2.7. Maintenance use case

  • A consumer of the NFVI wants to interact with NFVI maintenance, upgrade, scaling and to have graceful retirement. Receiving notifications over these NFVI events and responding to those within given time window, consumer can guarantee zero downtime to his service.

The maintenance use case adds the Doctor platform an admin tool and an app manager component. Overview of maintenance components can be seen in figure-p2.


Doctor platform components in maintenance use case

In maintenance use case, app manager (VNFM) will subscribe to maintenance notifications triggered by project specific alarms through AODH. This is the way it gets to know different NFVI maintenance, upgrade and scaling operations that effect to its instances. The app manager can do actions depicted in green color or tell admin tool to do admin actions depicted in orange color

Any infrastructure component like Inspector can subscribe to maintenance notifications triggered by host specific alarms through AODH. Subscribing to the notifications needs admin privileges and can tell when a host is out of use as in maintenance and when it is taken back to production.

2.8. Maintenance test case

Maintenance test case is currently running in our Apex CI and executed by tox. This is because the special limitation mentioned below and also the fact we currently have only sample implementation as a proof of concept and we also support unofficial OpenStack project Fenix. Environment variable TEST_CASE=’maintenance’ needs to be used when executing “doctor_tests/main.py” and ADMIN_TOOL_TYPE=’fenix’ if want to test with Fenix instead of sample implementation. Test case workflow can be seen in figure-p3.


Maintenance test case workflow

In test case all compute capacity will be consumed with project (VNF) instances.
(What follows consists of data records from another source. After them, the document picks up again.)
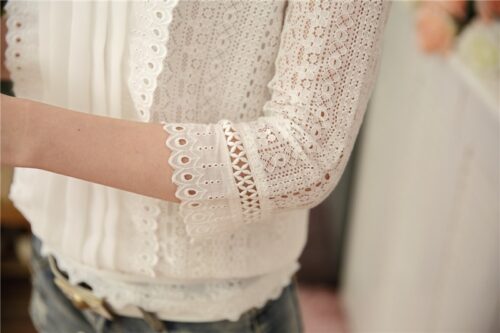 Spring / Autumn Korean Stand Collar Three-Quarter Sleeves Pleated Hollow Out Lace Blouse - Image 4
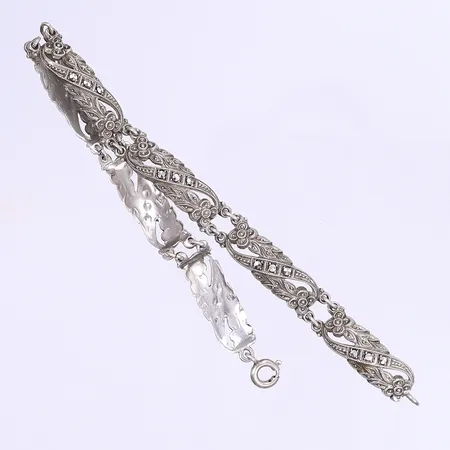 Armband med markasiter 18,5cm, bredd 8mm, importstämplad, silver 830/1000 Vikt: 11 g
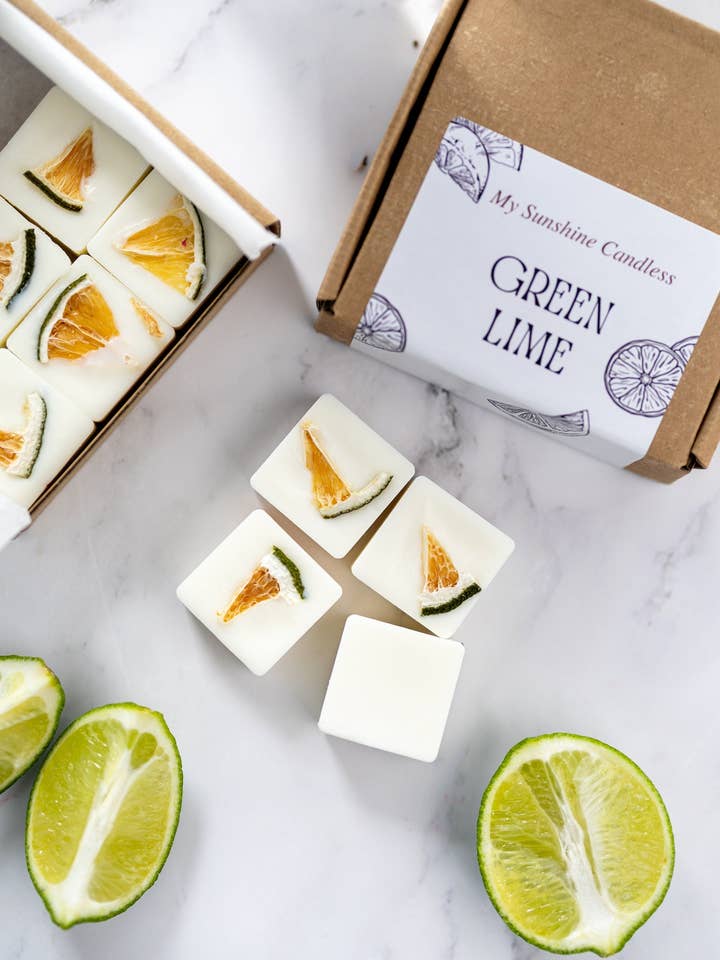 Grøn LIME voksmelter, Duftende sojavoksterninger, Gratis forsendelse for engroshandel hos MySunshineCandless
For redundant services on instances and an empty compute needed for maintenance, test case will need at least 3 compute nodes in system. There will be 2 instances on each compute, so minimum number of VCPUs is also 2. Depending on how many compute nodes there is application will always have 2 redundant instances (ACT-STDBY) on different compute nodes and rest of the compute capacity will be filled with non-redundant instances.

For each project specific maintenance message there is a time window for app manager to make any needed action. This will guarantee zero down time for his service. All replies back are done by calling admin tool API given in the message.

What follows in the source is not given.